Re: Can India pull off its ambitious National Health Mission?
The Government of India must be commended for introduction of the National Rural Health Mission (NRHM) in 2005, which was a landmark initiative and was a result of a much needed paradigm shift in health policy and thinking. It brought definite improvement of rural healthcare delivery infrastructure, increase in health manpower like “contractual medical officers”, peripheral health workers at village level called ASHA (Accredited Social Health Activist), and reaching of central government health funds at the sub district peripheral level.
However, in spite of the above mentioned gains from NRHM, it did not bring about the expected change in the quantity or quality of healthcare services in rural areas or the poor health indicators in the states, especially the acronym “BIMARU” states (Bihar, M.P, Assam, Rajasthan and Uttar Pradesh) in the country.
The one state which was an exception in the country and excelled in public health indicators like fully immunized children was the state of Tamil Nadu which established a separate “public health cadre”. The public health cadre had a separate career pathway which was different from clinicians. It did not force doctors with a clinical mindset with no training or interest in public health activities to manage or implement public health programmes. It also innovated by establishing an exemplary organization with authority for regulating procurement of drugs, medications and equipments using an accountable and transparent mechanism. The accountability and commitment of public health personnel in Tamil Nadu is well known.
Most government funded health programs and public health interventions continued to falter in spite of NRHM. The only exception was the Polio eradication program which was spearheaded by a collaboration project between Govt of India (MOHFW) and WHO country office for India. The project recruited independent, trained, accountable medical officers called surveillance medical officers (SMO) who were specifically trained and provided support to the government counterparts at the sub district, district, state and central government levels for planning and monitoring the quality of all polio eradication activities.

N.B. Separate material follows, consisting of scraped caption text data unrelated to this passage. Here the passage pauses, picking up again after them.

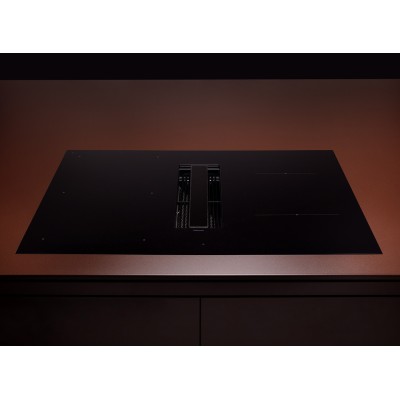 Płyta indukcyjna filtrująca Falmec Zero Easy z wbudowanym okapem 85 cm, czarna, szklano-ceramiczna
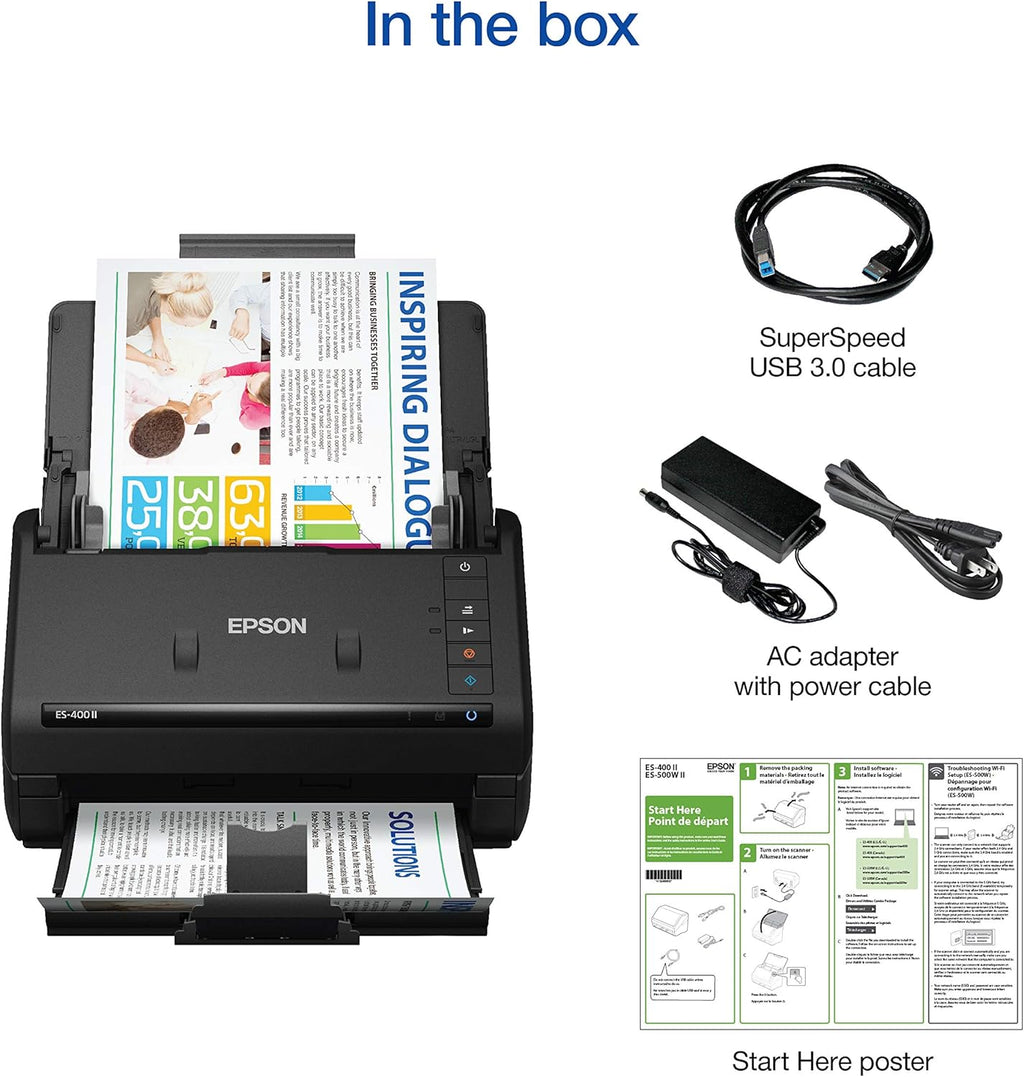 Epson Workforce ES-400 II Color Duplex Desktop Document Scanner for Computers Including PC and Mac with Auto Document Feeder and Image Adjustment Tools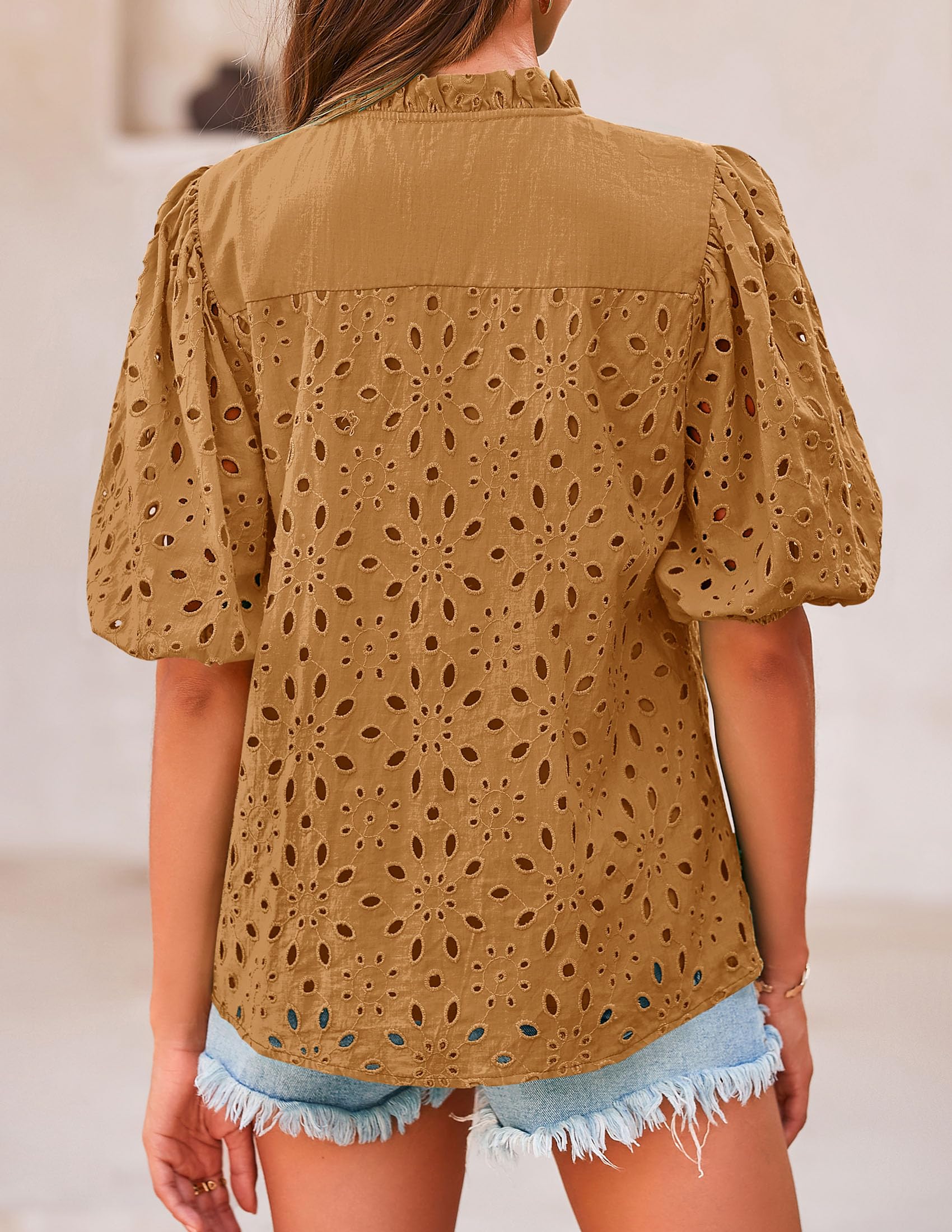Womens Tops Boho Eyelet Puff Sleeve Blouse, Khaki,S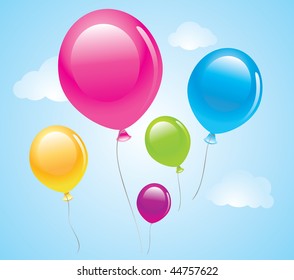 Colorful balloons in the sky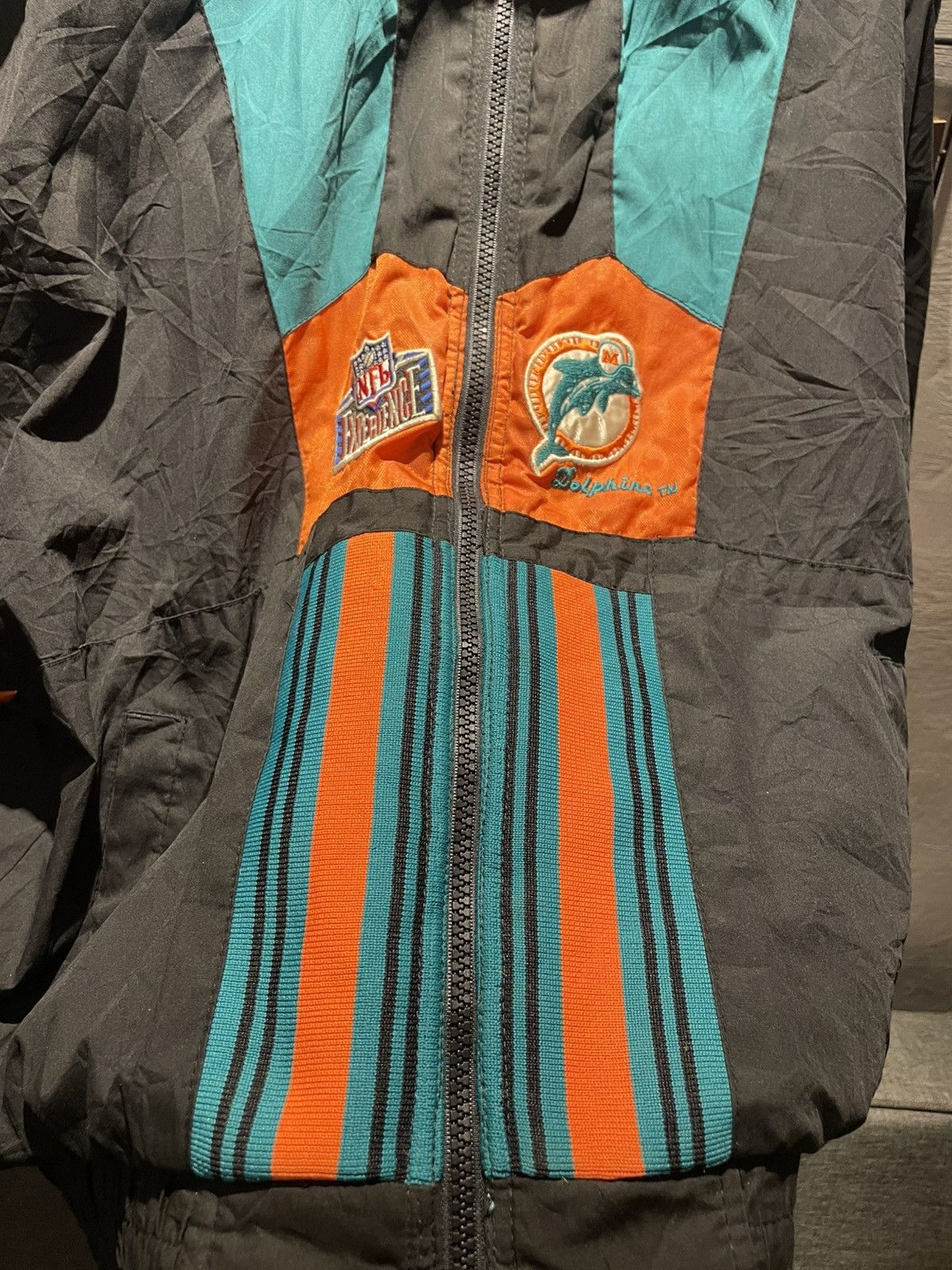 Pro Player × Vintage Vintage 90s pro player Miami Dolphins Reversible Jacket Size US S / EU 44-46 / 1 - 6 Thumbnail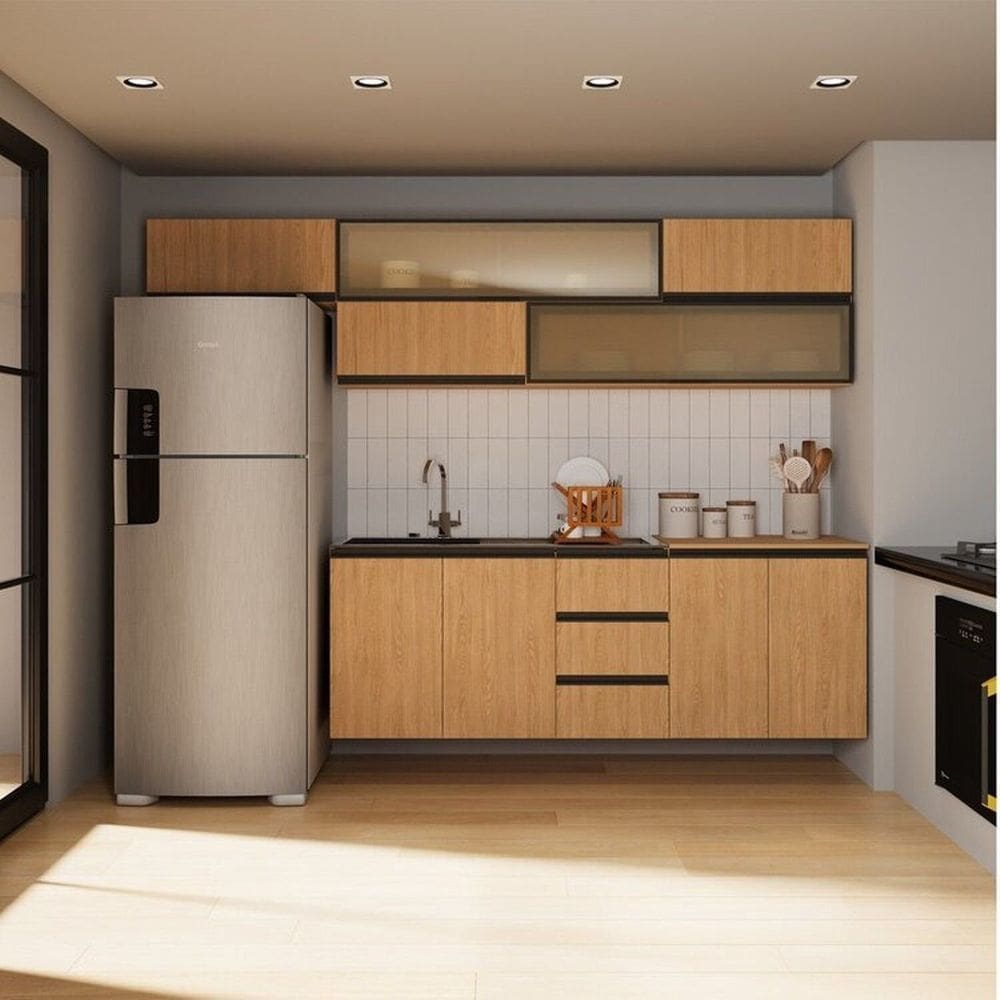 Cozinha Modulada 7 Peças 5 Aéreos 2 Balcões Nara Cabecasa Madeiramadeira Avena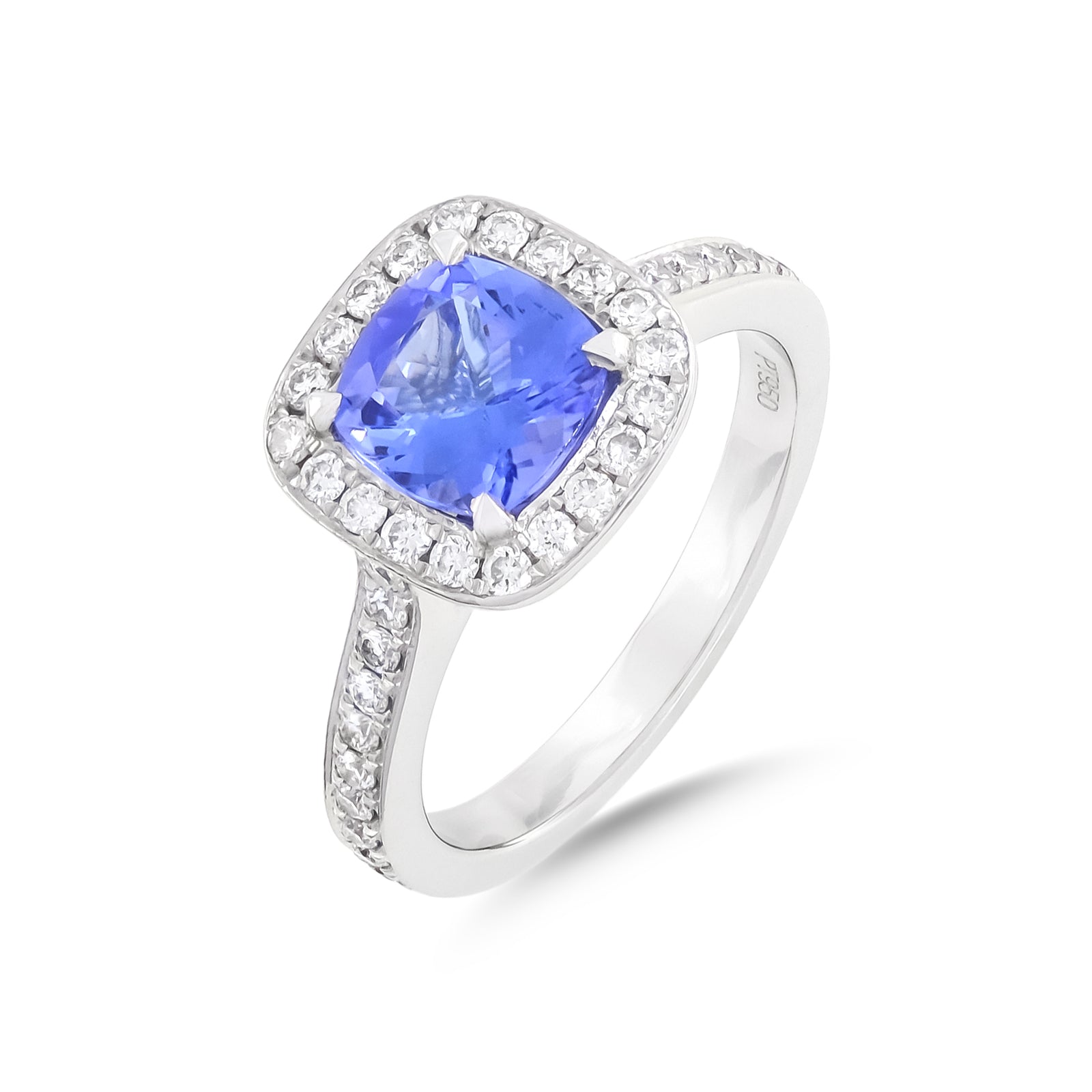 Vintage Tanzanite and Diamond Halo Ring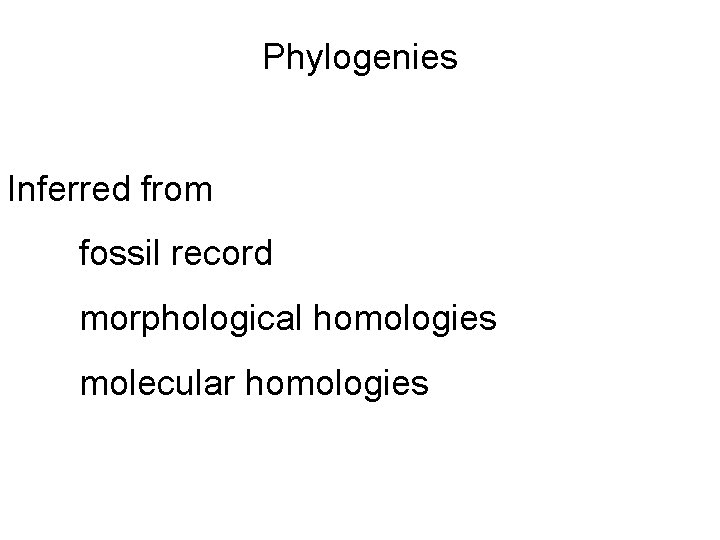 Phylogenies Inferred from fossil record morphological homologies molecular homologies 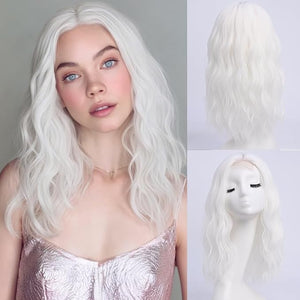 Medium Length Light White Wavy Wigs for Women 18 Inch Middle Part Wavy White Wig Natural Looking Synthetic Heat Resistant Fiber Wig for Daily Party Use (18 inch)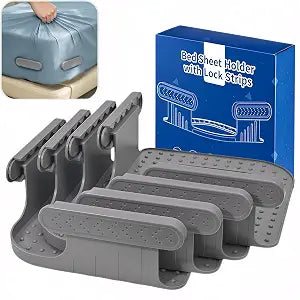 Reinforced Bed Sheet Holders for Corners, 4 Pcs Grey Fitted Sheet Clips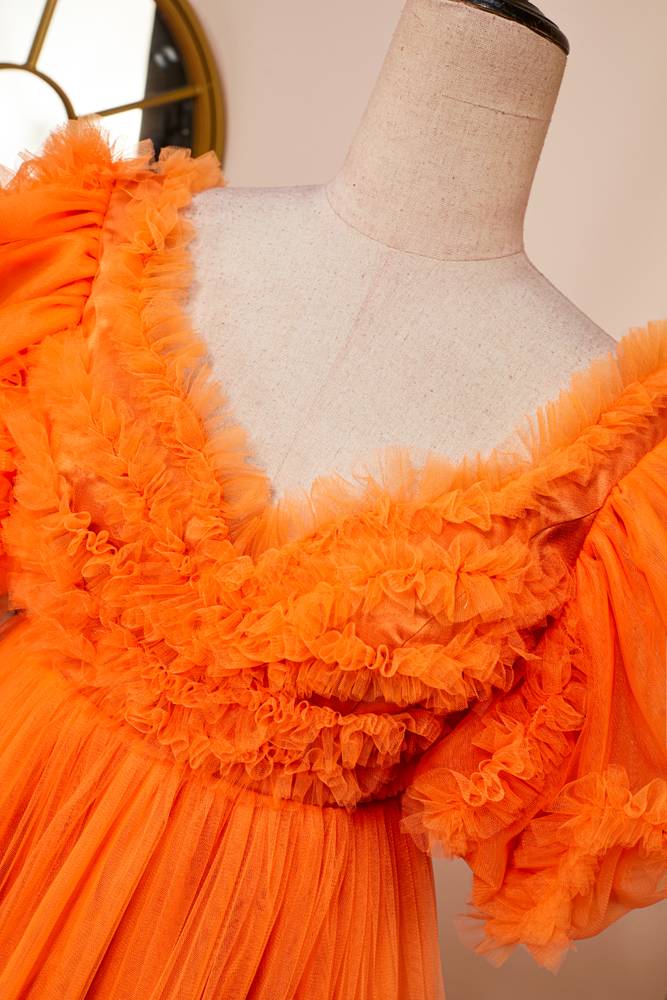 Orange V-Neck Short Sleeves A-Line Tulle Homecoming Dresses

This accountable, trained public health manpower was largely responsible for the success of polio eradication across the country in spite of disparities in resources, culture, and infrastructure among various states in the country.
Therefore, it would be very unpragmatic to believe that the National Health Mission will succeed in its objectives without the government health services at the centre and states establishing a separate “public health cadre” with distinct career pathways of the personnel involved and their accountability. As long as we have surgeons and clinicians being forced to manage public health programmes in the government sector and without any systemic accountability mechanism, the outputs are going to be sub optimal. The government health sector will not be able to deliver what is expected of it. Similarly, unless a potent, independent authority is established for regulating the private health sector involvement for delivery of public funded health care services, their involvement would not lead to attainment of the objectives of the National Health Mission and might end up opening another opportunity for favouritism and rampant corruption.
To conclude, India must learn from the demonstrated success of human resource management in the state of Tamil Nadu and the polio eradication programme for ensuring success of the National health Mission.